Talks and presentations

Talk on group meeting about Egocentric Video/Image Quality Assessment

December 26, 2024

Talk, The internal group meeting, Dalian, China

This study report primarily focuses on the aesthetic assessment of images and first-person videos, presented by Li Zhizhen. The following is a summary of the main content: Introduction: The significance of aesthetic assessment and the research background are introduced. Transition from Traditional to Deep Learning: Traditional aesthetic assessment methods (such as average brightness, brightness contrast, global edge distribution, etc.) are discussed in comparison to deep learning methods, highlighting the advantages of deep learning in image aesthetic assessment. Relevant Datasets for Image Aesthetic Assessment: Various datasets, such as AADB and AVA, are introduced, comparing their characteristics, including rater IDs, the proportion of real photographs, and attribute labels. Analysis of Similarities and Differences in Aesthetic Assessment between Images and First-Person Videos: An analysis of the similarities and differences in aesthetic assessment between images and first-person videos is conducted, pointing out the uniqueness of first-person videos. Ego4D Dataset and Aesthetic Assessment Strategy for First-Person Videos: The characteristics of the Ego4D dataset are presented, including its geographical coverage and diversity of activities, along with five challenging tasks such as situational memory and future prediction. Conclusion and Future Outlook: The findings of the research are summarized, and future research directions in the field of aesthetic assessment are anticipated. Overall, this report explores the integration of traditional methods and deep learning in aesthetic assessment for both images and videos, emphasizing the significance of datasets and the potential for future research. You can visit PPT here.

Talk on group meeting about Mamba-based works

December 04, 2024

Talk, The internal group meeting, Dalian, China

The report was presented by me, focusing on “The Origins and Related Work of the Transition from SSM to Mamba.” The main content includes: 1. Necessity of SSM: A discussion on why SSM (State Space Model) is still needed, emphasizing its essence as a CNN (Convolutional Neural Network) transformed into an RNN (Recurrent Neural Network) and introducing the concept of nonlinear time-varying systems. 2. Definition of SSM: SSM is characterized as a model based on Mamba, highlighting its effectiveness in handling sequential data. 3. Transition from SSM to S4 and then to Mamba: An introduction to the efficiency of the S4 model and Mamba’s capability for linear time series modeling, discussing their differences in attention mechanisms. 4. Mamba-Based Work: A summary of various projects related to Mamba, pointing out their similarities and differences in handling patches, 1-D sequences, positional encoding, and framework structures. 5. Complexity and Computational Efficiency: An analysis of the differences in computational complexity between Transformers and Mamba, emphasizing Mamba’s advantages in processing large-sized images. You can visit PPT here.

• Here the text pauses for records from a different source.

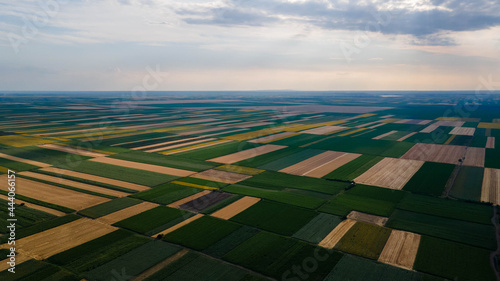 Birds Eye View of the Fields and Agricultural Parcel. Aerial Views. Aerial top view of a different agriculture fields in countryside on a summer day. Drone shot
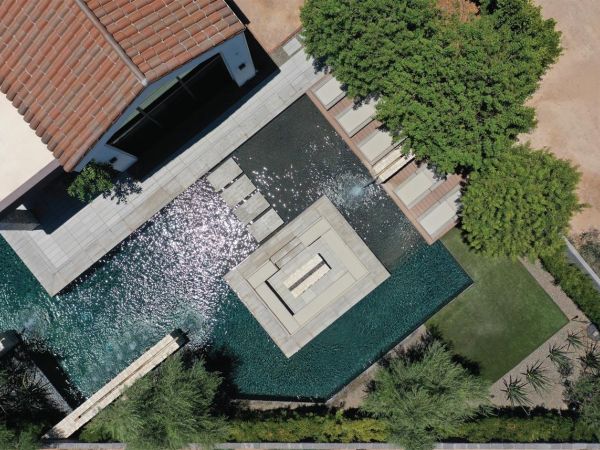 Aerial view of a modern home with a unique geometric pool design, surrounded by lush landscaping and outdoor seating areas.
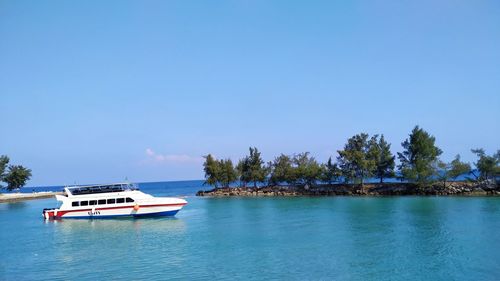 Boat sailing in sea against clear blue sky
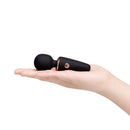 Le Wand Mini Micro Wand Black held in a hand, showcasing its portable design and compact size.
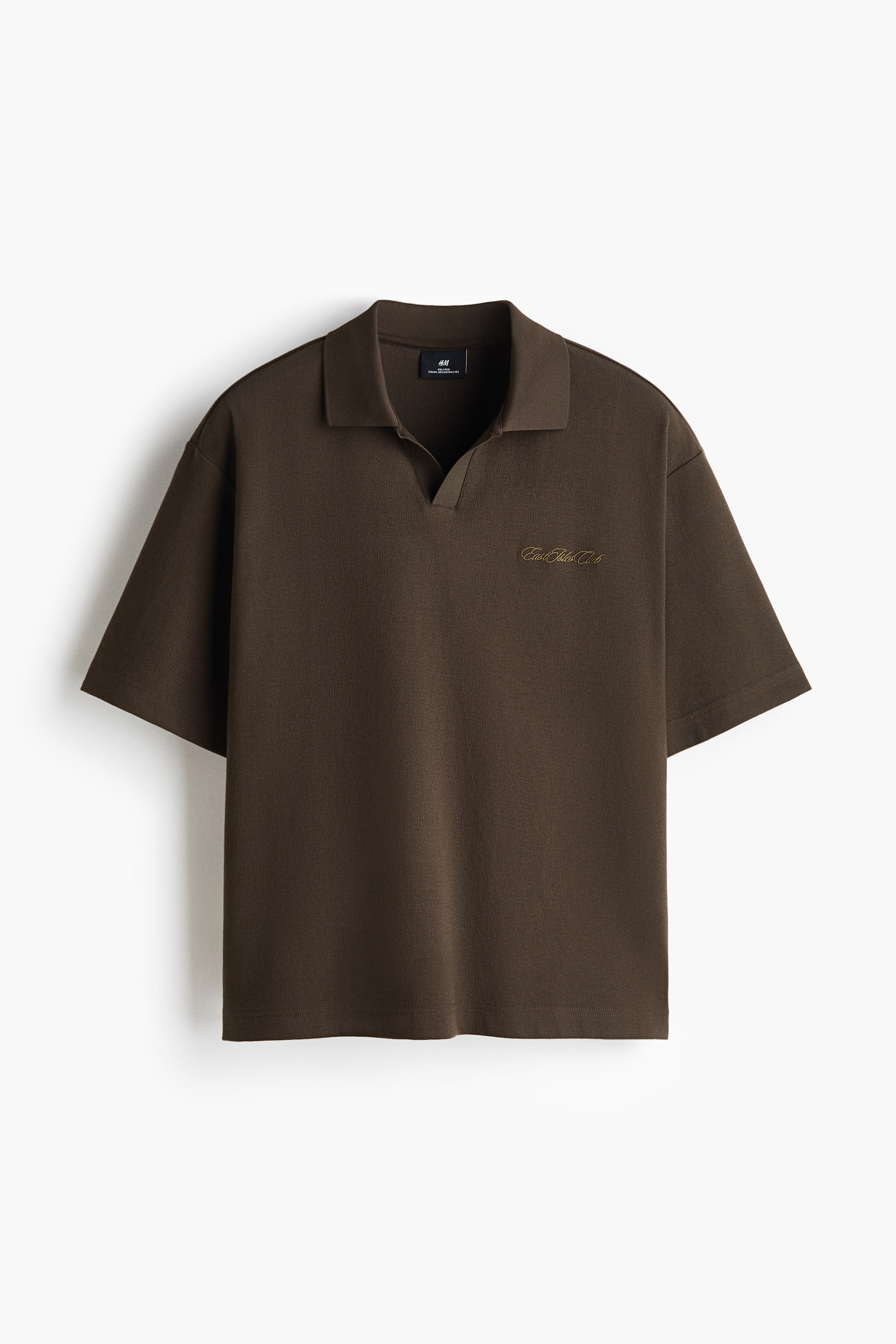 View larger image: A dark brown polo shirt is shown from the front, featuring a relaxed fit with dropped shoulders and wide short sleeves. It has a classic flat collar with a buttonless, open V-neck placket and a small gold-toned embroidered script on the left chest.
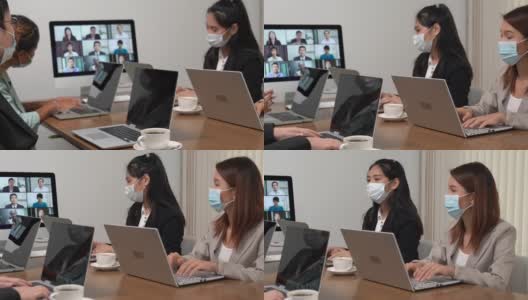 年轻的亚洲员工和资深的办公室员工团队通过电脑进行Zoom视频电话会议，商务人士共用办公桌使用电脑共同工作。高清在线视频素材下载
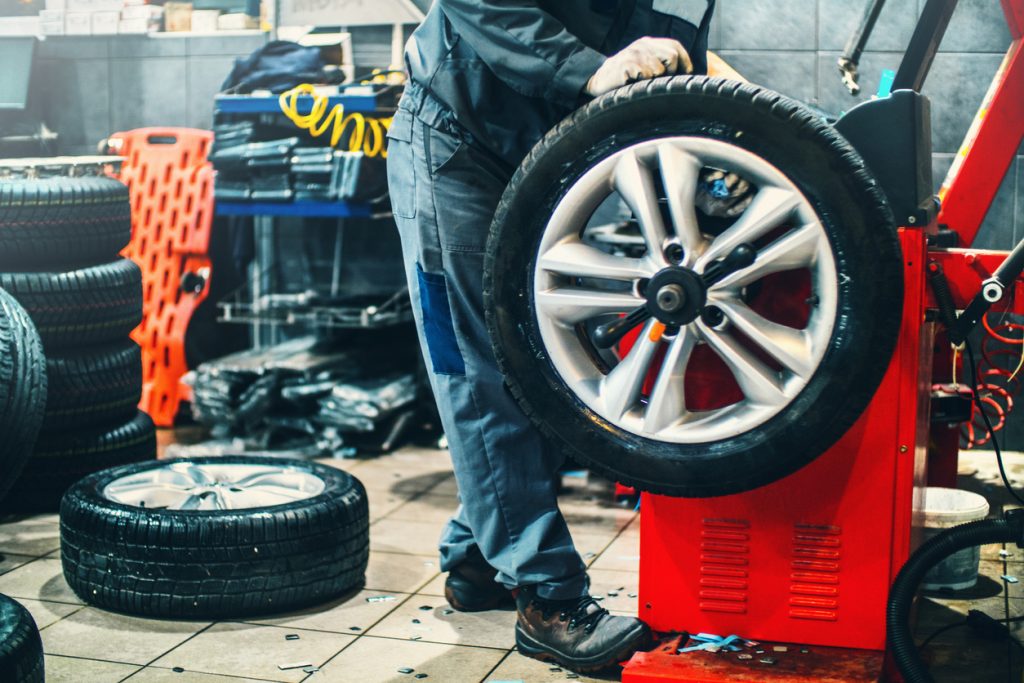 Auto mechanic performing work on tires
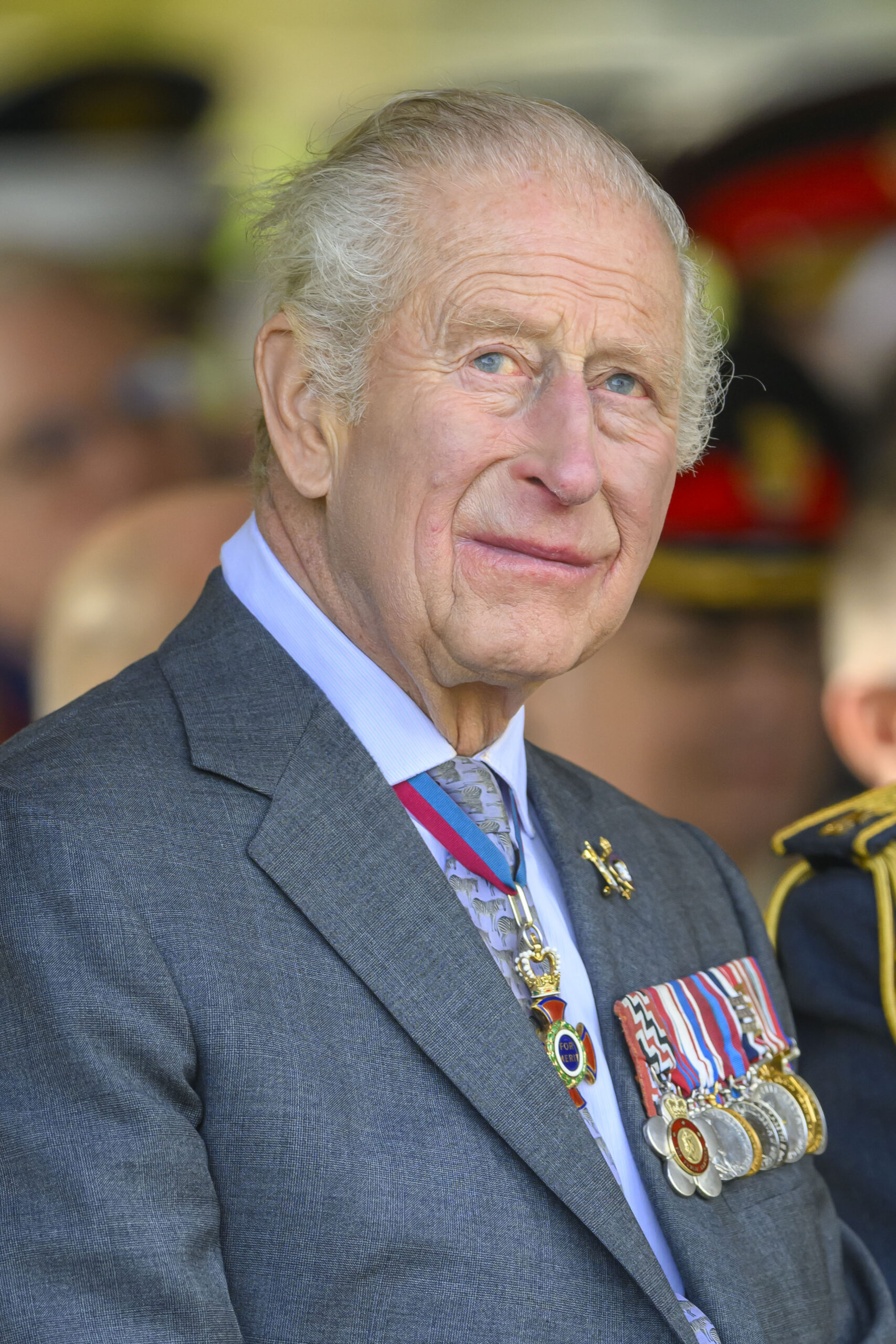 King Charles sitting down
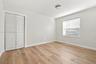 Interior room featuring wood-finish flooring, neutral wall paint, a double-panel louvered closet door, a single-window configuration with horizontal b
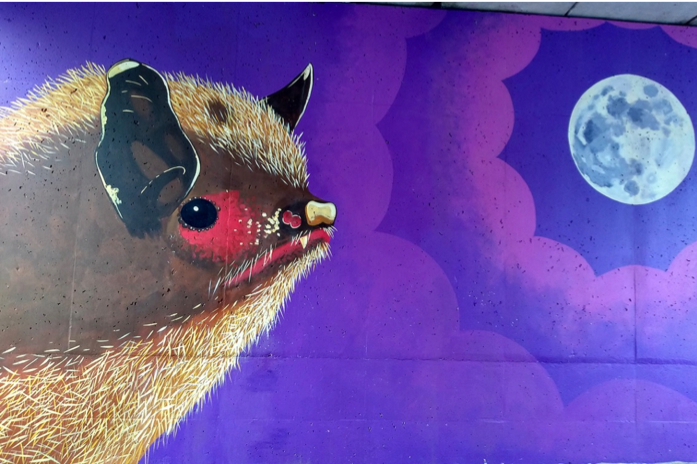 A mural depicting a bat with a purple sky and the moon in the background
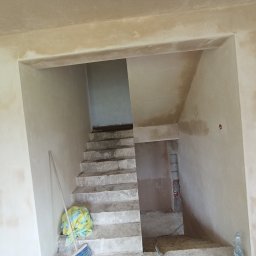 Tynki maszynowe - Surowe schody betonowe w trakcie prac wykończeniowych, ściany z widocznymi śladami tynku, niebieska miotła i wiadro z plandeką przy podstawie schodów.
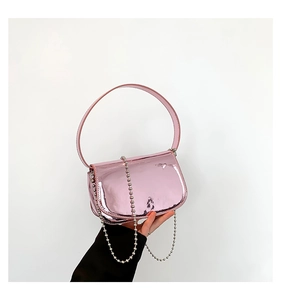 Close-up of pink patent leather shoulder bag with silver bead chain and glossy mirror finish
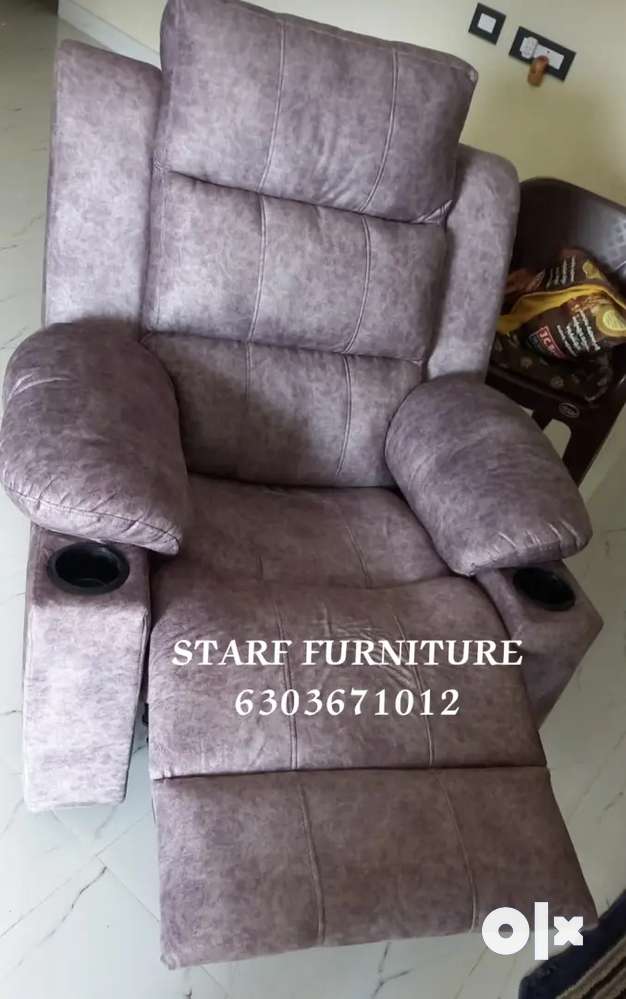 Manual recliners chair with cup holder available in Starf Furniture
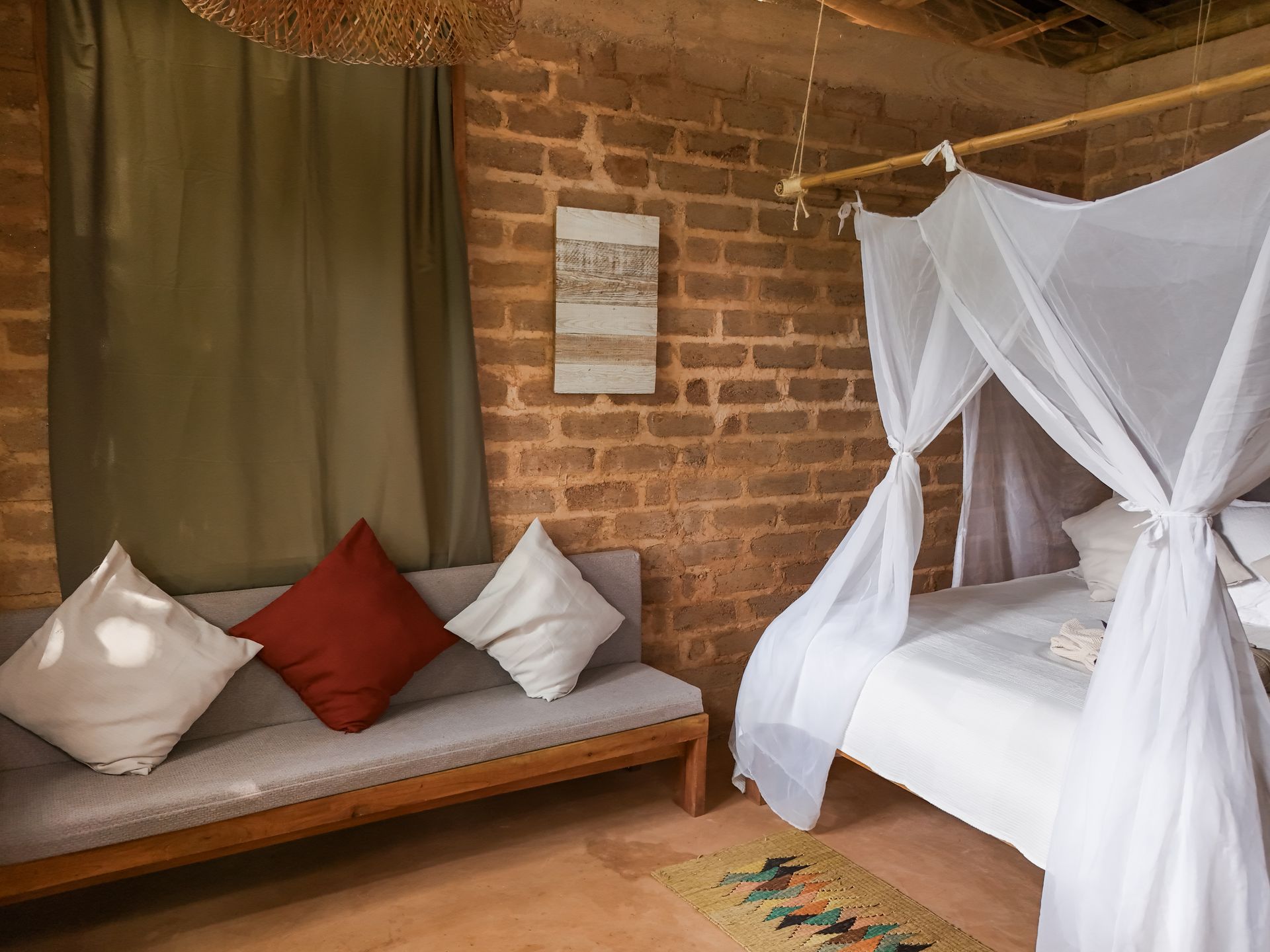 A bedroom with a canopy bed and a couch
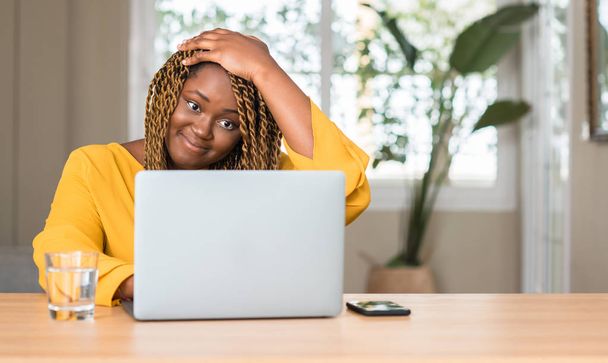 African american vrouw met laptop benadrukt met de hand op het hoofd, geschokt met schaamte en verrassing gezicht, boos en gefrustreerd. Angst en boos voor fout. - Foto, afbeelding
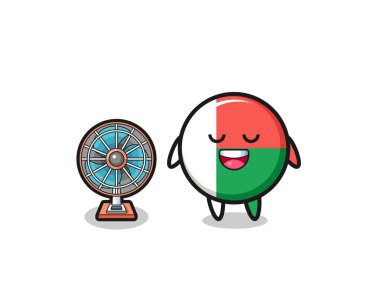 cute madagascar flag is standing in front of the fan , cute design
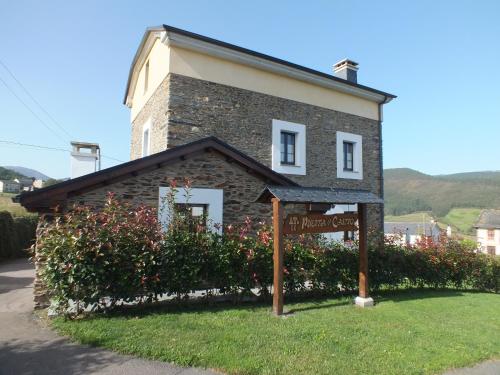 a small brick building with a sign in front of it at Apartamentos Puerta del Castro in Coaña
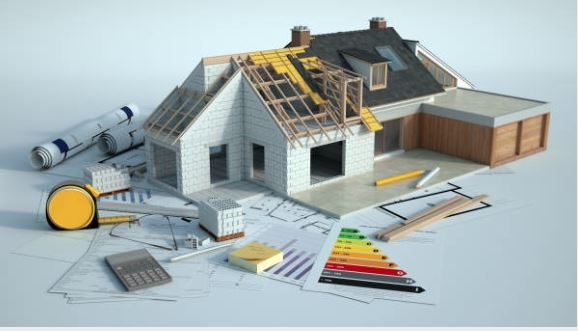 Maquette de maison en construction avec des outils et des plans autour.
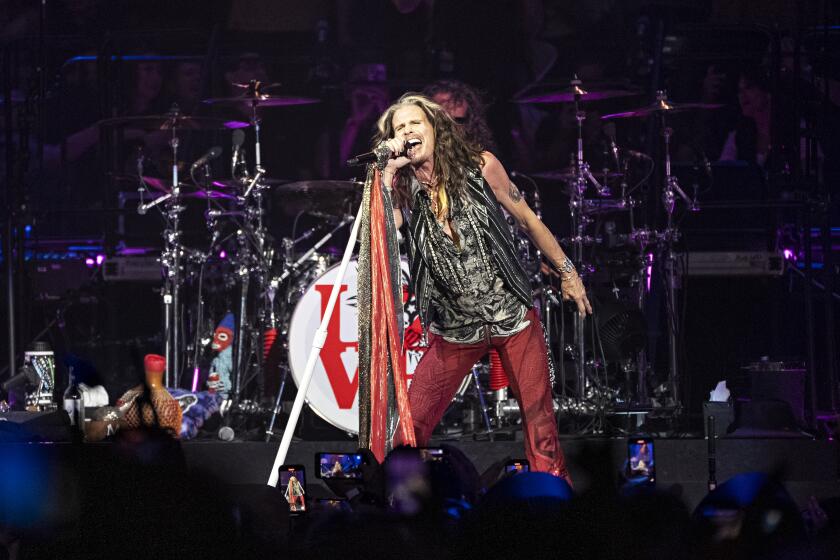 FILE - Steven Tyler of Aerosmith performs during night one of their "Peace Out: The Farewell Tour" on Sept. 2, 2023, at Wells Fargo Center in Philadelphia. The band said Friday, Aug. 2, 2024, that Tyler's voice has been permanently damaged by a vocal cord injury last year and the band will no longer tour. (Photo by Amy Harris/Invision/AP, File)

Talk on group meeting about Segment Anything Model

June 28, 2024

Talk, The internal group meeting, Dalian, China

The meeting discussed the Segment Anything model, which is a groundbreaking project characterized by a vast data engine known as SA-1B, containing 100 million masks and 11 million images. This system can be easily constructed and run locally in real-time, with a processing speed of 50 milliseconds per CPU. It supports visual prompt interactions and provides multiple data annotation methods, including manual assistance, semi-automated (similar to LabelStudio), and fully automated approaches. The model’s output is divided into three parts: the overall, sub-parts, and sections. Its architecture includes a MASK decoder (similar to MaskFormer), an image encoder (ViT-H), and a prompt encoder (CLIP), supporting prompt tokens and attention mechanisms between images and tokens. You can visit PPT here.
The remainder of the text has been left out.